Source information:
----------------------------------------
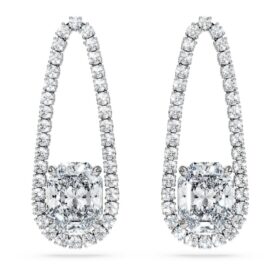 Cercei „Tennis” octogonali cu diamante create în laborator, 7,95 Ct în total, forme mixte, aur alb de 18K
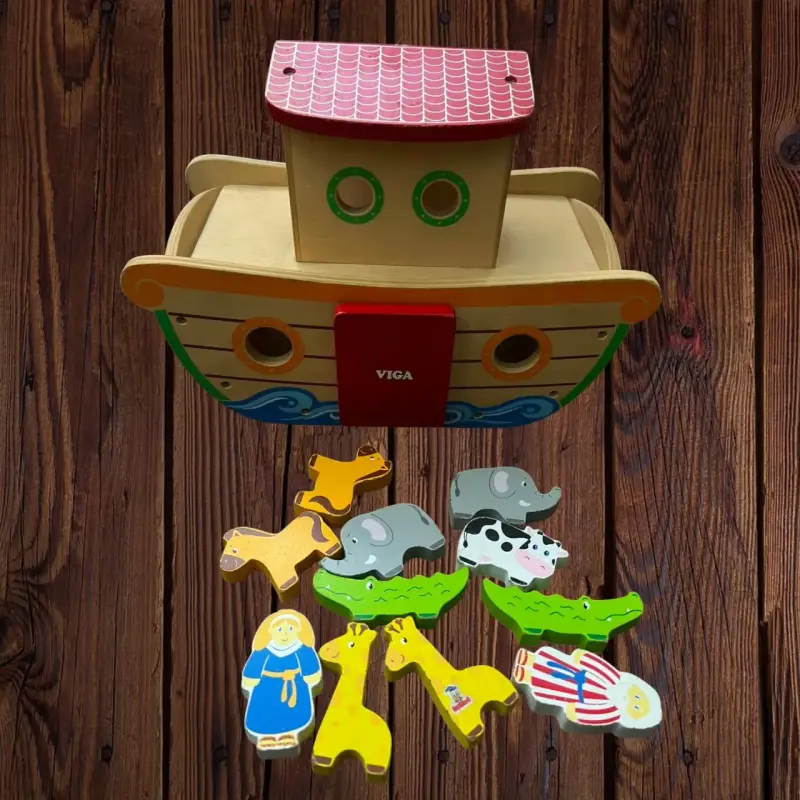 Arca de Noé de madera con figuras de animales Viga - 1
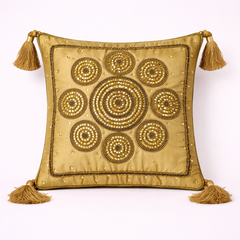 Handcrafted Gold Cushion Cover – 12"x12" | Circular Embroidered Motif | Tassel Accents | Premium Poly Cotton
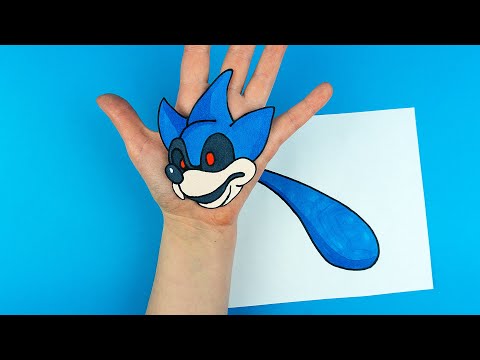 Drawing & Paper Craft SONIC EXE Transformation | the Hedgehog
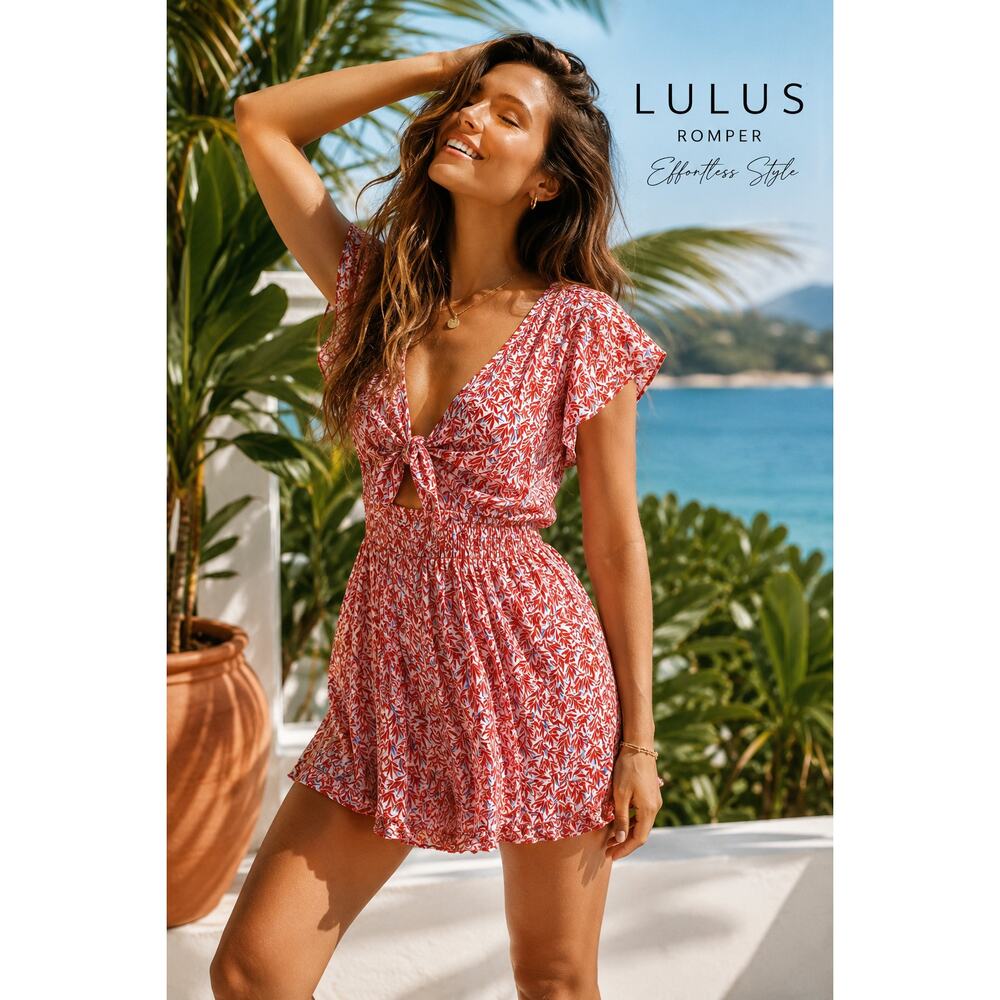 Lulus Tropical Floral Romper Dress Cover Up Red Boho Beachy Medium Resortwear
----------------------------------------
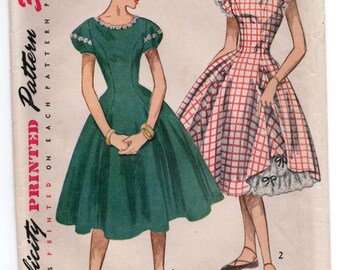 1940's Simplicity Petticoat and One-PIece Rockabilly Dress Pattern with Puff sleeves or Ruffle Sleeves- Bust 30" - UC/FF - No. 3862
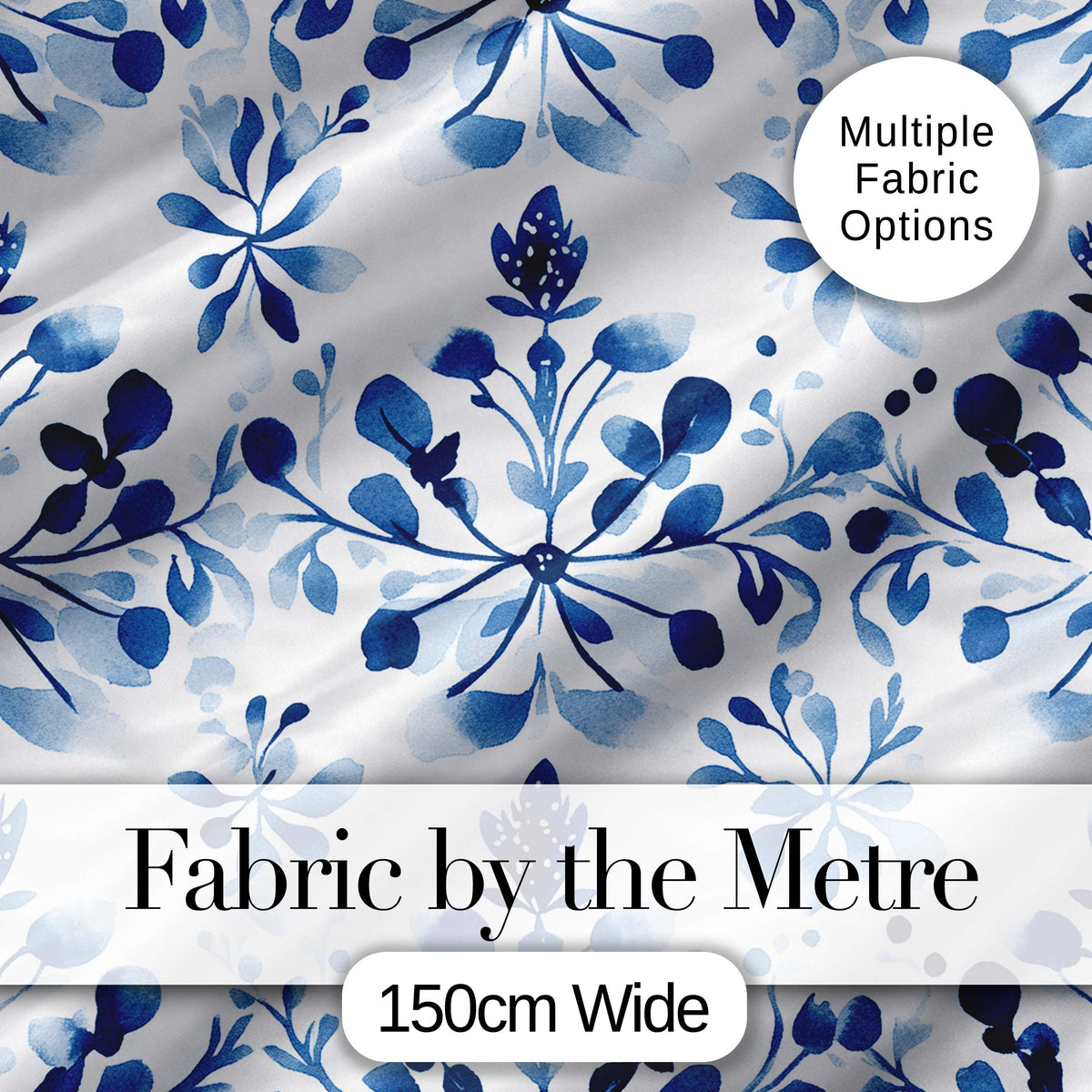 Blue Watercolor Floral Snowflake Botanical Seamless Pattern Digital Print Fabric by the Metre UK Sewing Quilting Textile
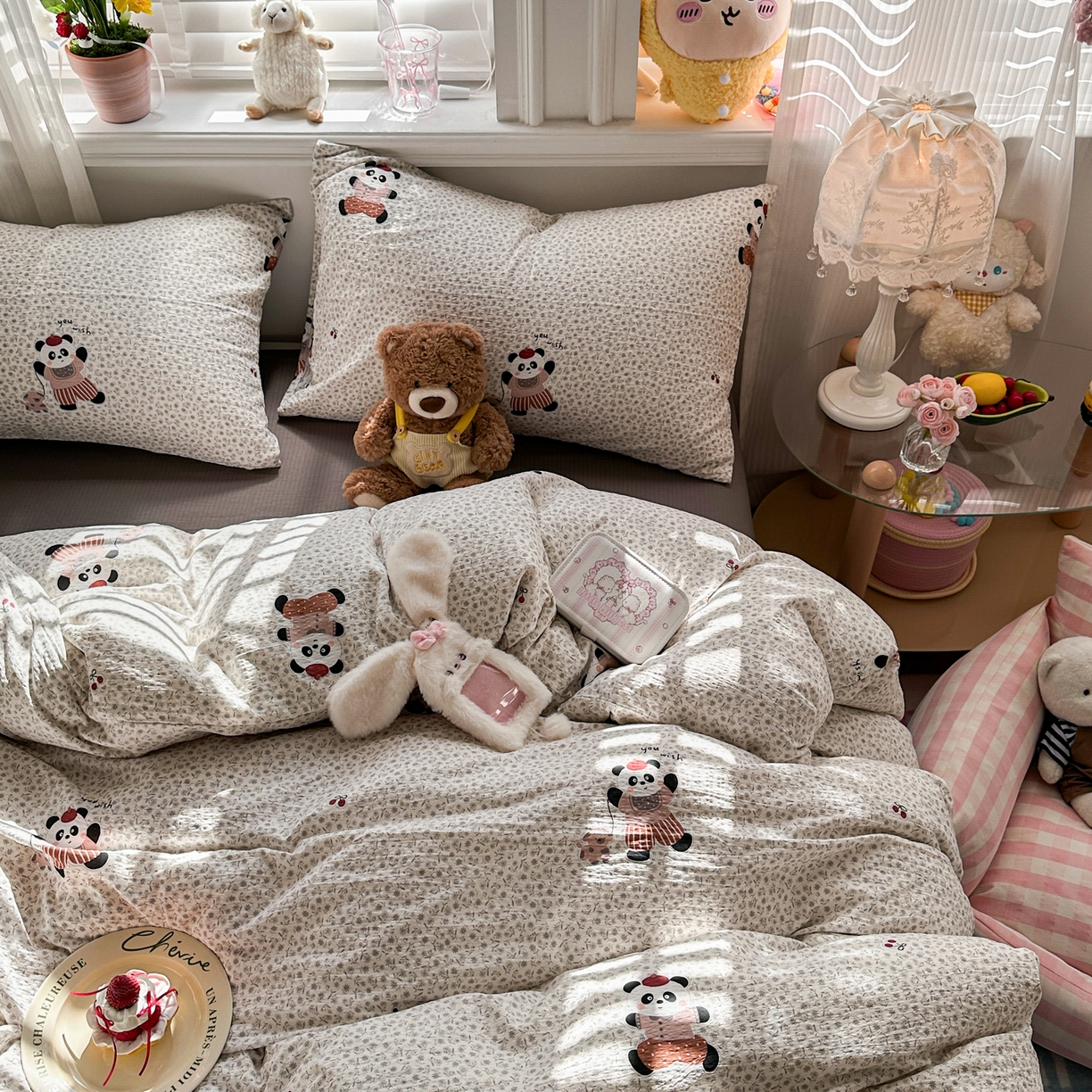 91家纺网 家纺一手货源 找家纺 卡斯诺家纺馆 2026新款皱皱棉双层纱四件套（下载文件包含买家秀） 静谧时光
----------------------------------------
Leave out every picture, and copy exactly the lines above starting at the one holding "Handcrafted Gold Cushion" and ending at the one holding "Lulus Tropical Floral", no more and no less.

Answer section:
 Handcrafted Gold Cushion Cover – 12"x12" | Circular Embroidered Motif | Tassel Accents | Premium Poly Cotton
 Drawing & Paper Craft SONIC EXE Transformation | the Hedgehog
 Lulus Tropical Floral Romper Dress Cover Up Red Boho Beachy Medium Resortwear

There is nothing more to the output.